Read the short summary on the back of the CD and you may well expect something a little more exotic than you get: ‘Er Huang, commissioned by
    Carnegie Hall, is based on a number of melodies from Peking operas, nostalgically recollected, while the unusual structure of Enchantements oubliés
    explores a journey into the essence of beauty. Un temps disparu features the erhu, a two-stringed Chinese fiddle, and makes use of an ancient
    Chinese melody called Three Variations on the Plum Blossom’.
    The actuality turned out to be a little less exotic: though the music is very enjoyable, it’s in a predominantly Western mode rather than the
    East-meets-West that I had expected.  Er Huang, for example, may be based on Chinese themes but it sounds more like Ravel in his quieter mood: think
    of Daphnis et Chloé.  Enchantements oubliés is equally beautiful – often dreamily so – but the beauty is combined with a full-size orchestra
    sometimes in a more impassioned mood.  Un temps disparu is the most oriental sounding, thanks partly to the use of the erhu, an instrument to which
    I must admit a great deal of partiality. Even if some of the parts were not quite what I expected, this is an album to which I shall return.
    Xiaogang YE (b.1955)
    Symphony No.3 ‘Chu’, Op.46 (2004/2007) ** [37:53]
    (Lord in the Clouds; Song and Dance; Silk; Xiaoyao (Free and Unfettered); Bronze; Xiling Gorge; Soul)
			The Last Paradise, for violin and orchestra, Op.24 * (1993) [15:23]
    Cho-Liang Lin (violin) *
    Hila Plitmann (soprano) **
    Royal Philharmonic Orchestra/José Serebrier
    rec.
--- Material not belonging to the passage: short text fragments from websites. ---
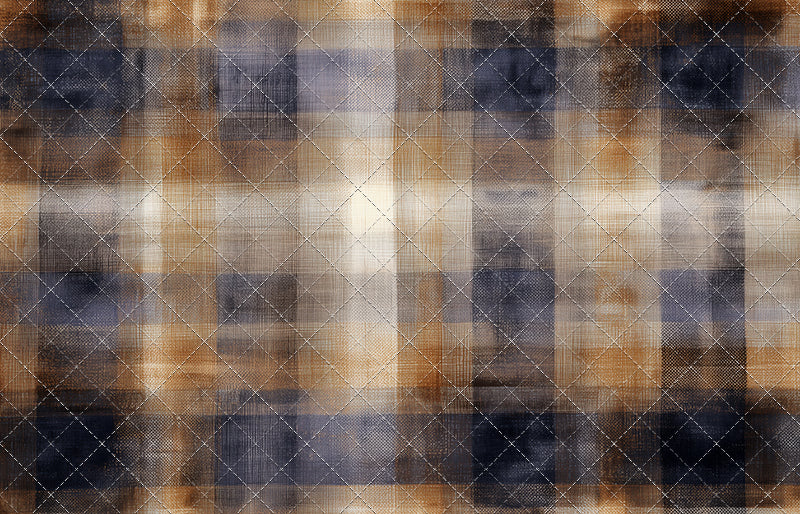 Cider & Slate - With Sweep Option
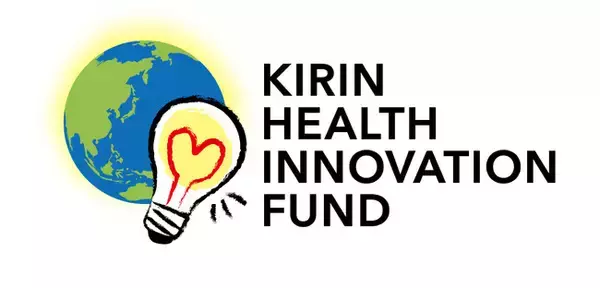 CVCファンド「KIRIN HEALTH INNOVATION FUND」がエピゲノム※1解析のリーディングカンパニーRhelixa（レリクサ）社に出資を決定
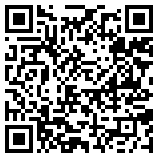 QR Code for Redbox in Red Wing, MN 55066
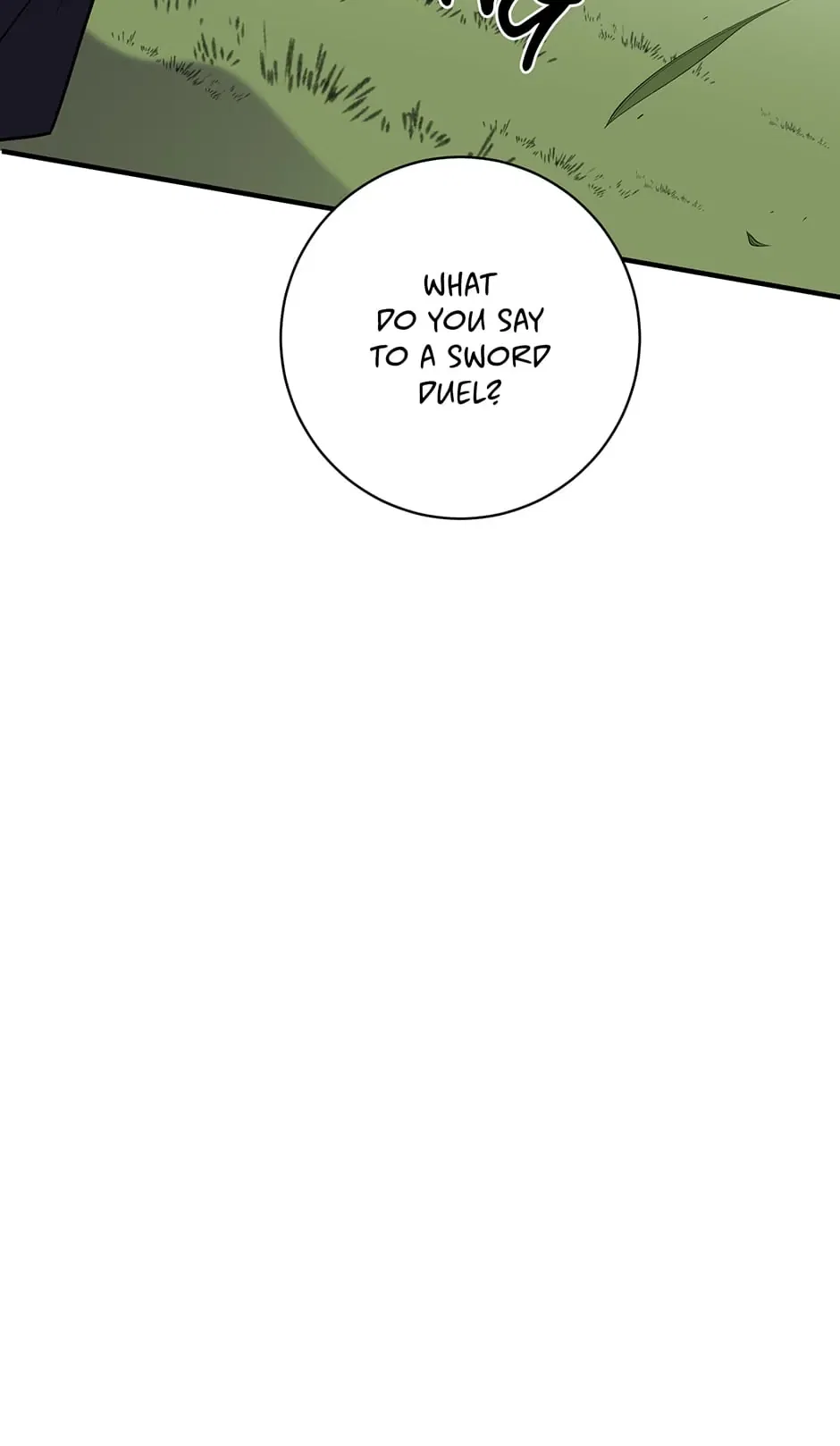 His Majesty’s Secret Heroine Chapter 201 – Page 34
Cadogan Hall, London, June 2015. DDD
			BIS BIS-CD-2083
    [54:13] – from eclassical.com (mp3, 16- and 24-bit
    lossless, with pdf booklet)
    		
The only music by Xiaogang Ye that I had come across before was the score for the film The Cairo Declaration, which he composed with Chad Cannon
    (MovieScore Media – stream from Qobuz).  A great fan of East-meets-West music, I was keen to
    hear this recording.  If you have been watching Michael Wood’s BBC series on Chinese history you may recall that Chu, the subtitle of the symphony,
    was one of the oldest Chinese civilisations.  The work contains some elements of Chinese music, exotic to Western ears, but it is otherwise a symphony in
    the modern Western classical tradition. I enjoyed hearing it but its appeal is less immediate than, for example, the ubiquitous Butterfly Lovers
    concerto, and I shall have to return several times to do it justice.  If you are sampling, the third section, Silk, with soprano solo and
    traditional Chinese instruments, is a good place to start.
    I take the performances, of necessity, as authoritative.  The recording, in 24-bit format, is very good and Xiaogang Ye’s own notes are extremely helpful.
    British Cello Concertos
    		
Chandos are about to release on their 2-for-1 label recordings by Raphael Wallfisch (cello) of cello concertos by 
			Bax (with LPO/Bryden Thompson), Bliss
    (with Ulster O/Vernon Handley), Finzi (with RLPO/Vernon Handley), 
			Moeran (with Bournemouth SO/Norman del Mar) and 
			Stanford Irish Rhapsody No.3 (with Ulster
    O/Vernon Handley).  (CHAN241-56).
    These are all first-rate recordings and my only reservation is that you miss out on the original couplings, notably the Leighton Cello Concerto (with the
    Finzi on CHAN9949), Bax Violin Concerto (with the Cello Concerto on CHAN10154X), Bliss Colour Symphony (CHAN10221X), Finzi Violin
    Concerto (on the alternative coupling of the Finzi, CHAN10425X), the Moeran Violin Concerto (with the Moeran Cello Concerto, CHAN10168X) and
    Stanford Symphony No.7 (CHAN8861, download only). 
    There are compensating factors: the Leighton Cello Concerto is available in an alternative mid-price coupling (CHAN10307X, with Symphony No.3) and
    Lydia Mordkovitch’s recording of the Bax Violin Concerto is available on another recent Chandos twofer (CHAN241-53, with concertos by Bliss, Dyson
and Veale – review –    DL News 2015/6).
    I haven’t heard the new compilation but these are all recordings which I have recommended in the past and many of them have also been commended by my
    colleagues.  If the programme appeals, go for it.